Democracy for Development Institute (D4D), today launched the paper “Connectivity for Development: Taking the Highway for Economic Growth”, a research with focus in Kosovo, Albania and Serbia. The research was prepared in cooperation between D4D, European Movement in Albania and Transconflict Serbia, with the support from the European Fund for the Balkans (EFB).
The paper seeks to enlighten the complexity of Berlin Process, especially the Connectivity Agenda.
Valëza Zogjani, Policy Researcher at D4D, emphasized that operating in a region that is still suffering the consequences of the recent conflicts of the late 1990s, political rivalry between states and bilateral disputes, difficulties and economic barriers applied between states certainly do not facilitate the implementation of the goals of this Agenda, which is to achieve trust among the people of the region through key points that enable their cooperation growth, at least the economic one, through investments in interconnection infrastructure.
“But of course, the Connectivity Agenda is also affected by the unequal level of development of the countries, the low level of state capacity of participating states to implement soft and strong infrastructure measures, negatively affect the maximal benefit of this Agenda”, said Ms.

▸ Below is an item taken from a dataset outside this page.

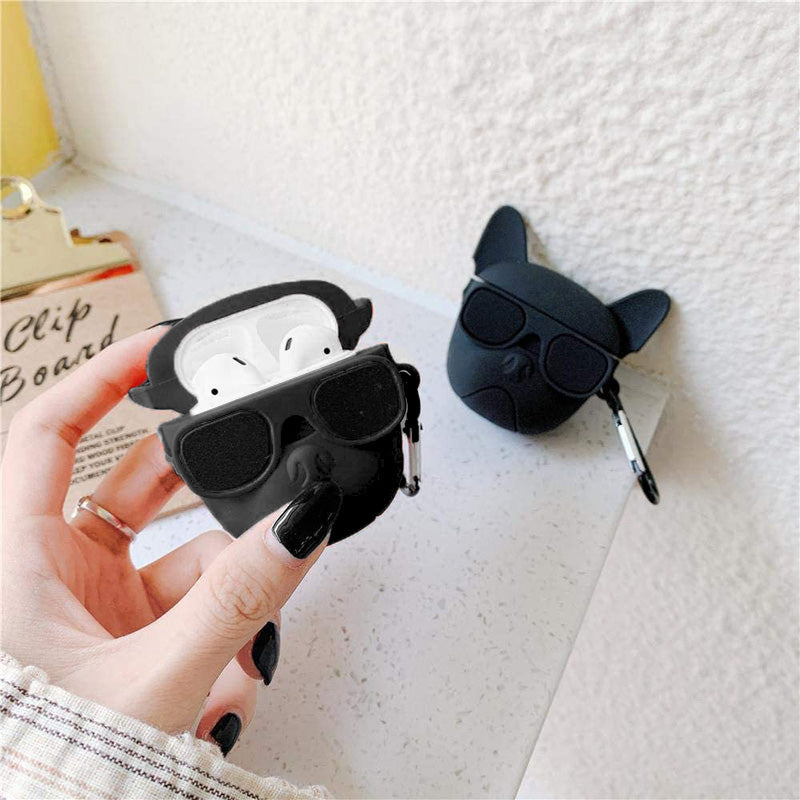 Porta airpod a forma di bulldog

Zogjani
Mona Xhexhaj from European Movement in Albania said that while we are talking about Albania, Connectivity Agenda projects are in different stages of implementation and somehow in line with specific implementation deadlines. However, she emphasized that some of the challenges that are slowing down the process of advancing projects are the administrative capacities and the compliance with mandatory technical standards.
Dritero Arifi, university professor, stressed that the Berlin Process did not achieve the expected objectives. “Without regional reconciliation, this cannot be the proper agenda for the Berlin Process. This has not happened, and it can be addressed as a failure of the European Union”, said Mr. Arifi.
Meanwhile, Donika Emini, Researcher at Kosovar Centre for Security Studies (KCSS), said that the Berlin Process is a political process, which Kosovo should have benefited to the maximum, since it is the only process where Serbia couldn’t block.